Here are some key tips for running or attending a meeting…
- Have an agenda, know what it is, and stick to it. Optimally, the agenda is made available before the meeting so that attendees can prepare.
- Be punctual, starting and ending on time. This is sometimes difficult with back-to-back meetings, but it’s important that you arrive at the meeting on time and it’s also important that the coordinator end the meeting on time. Follow-up meetings or conversations can always be scheduled if it’s taking longer than expected to cover the agenda.
- Before you sign on to a virtual meeting, make sure you’re familiar with the platform. You may need to download or update the platform, so be prepared.
- Everyone should participate. Everyone invited to a meeting is there for a reason and should be given the opportunity to contribute.

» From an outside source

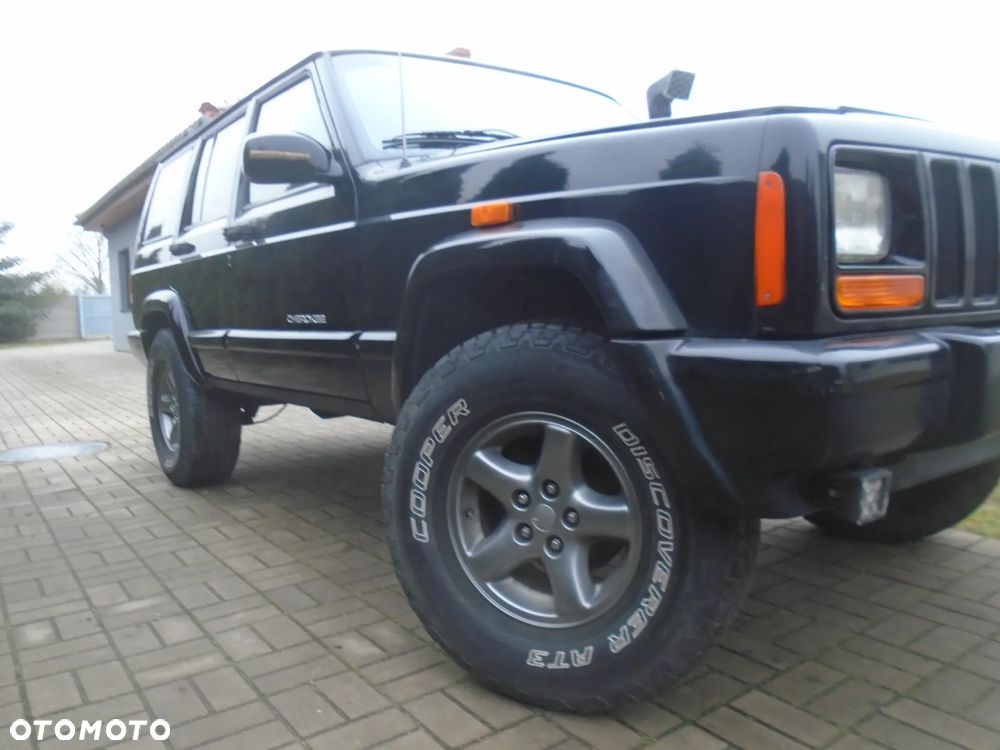 Jeep Cherokee - 7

Speak your mind, but also encourage others to do so by asking for opinions and allowing for thoughtful responses. Don’t allow “elephants” in the room and sacrifice as many “sacred cows” (old ways of doing things that no one questions) as possible.
- Come with curiosity. Plan to find out more and collaborate instead of planning to bring the answer.

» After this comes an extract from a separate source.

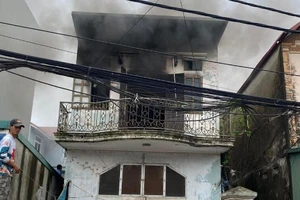 Cháy nhà dân ở Hà Nội, hàng xóm giúp gia chủ vận chuyển đồ đạc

- Foster healthy conflict, attacking problems not people. Different opinions and perspectives are key to a good meeting. It’s often why you’re getting together. Many people are uncomfortable with conflict, but it can be handled in a calm and constructive way and facilitators who encourage healthy, open discussions often find that the team comes up with great new ideas and solutions. I love it when someone pushes me out of my stubbornly-held perspective and presents something that I never would have thought of. It’s like receiving a wonderful gift.
- If you’re the leader, be the last to speak. This will provide space, when problem solving, for people to present their unique ideas first, without the influence of trying to please or align with the leader.
- Understand that silence is agreement. If you don’t comment of something said or presented, everyone will assume that you agree with it, so speak your mind if you have a different opinion.
- Be fully present. Put your camera on. If you’re the meeting leader, request that everyone has their cameras on. We’re some of the few women in Flexography, so show your face! The more people see you, the better they feel they know you and will think of you if an opportunity or need comes up that you can help with. Focus on the meeting and actively participate. Show them that you’re engaged and knowledgeable.
- To mute or not to mute…This is dependent on the meeting. Respecting others by keeping background noise to a minimum may necessitate muting, but if the meeting is more conversational, keep your microphone on so that you are fully participating as you would if you were in person. If your microphone and camera are off, the meeting leader may feel that you are not participating, only observing. You’ll lose points for that.
- No sidebar conversations. This used to happen more in live meetings and usually involves two people quietly discussing the topic between themselves while the meeting is going on. The modern version of this is texting to have a side conversation. Any and all ideas that you have about the topic are worthy of discussing with the entire group. Speak up and throw it out there! This one is related to a pet peeve that I have about people who don’t express their opinions during the meeting, but wait to present them outside of the meeting afterwards. Ugh.
- Be accountable. If you commit to something during the meeting, make sure you follow through. You will stand out for doing this!
- Do your follow-ups. Before you close the meeting, discuss when you’ll meet again and set a timeline for the follow-ups.
Remember that meetings are a great opportunity to market your ideas and abilities. You don’t need to be the meeting leader to shine as a leader in the meeting. Being fully engaged and open also make the meeting more interesting to you and you’ll get a lot more out of it which often comes in handy later. My father often told me,” If you’re not going to do something right, don’t do it at all.” Meetings can be a tremendous help to your career if handled correctly and a big detriment to your career if you don’t do them “right”.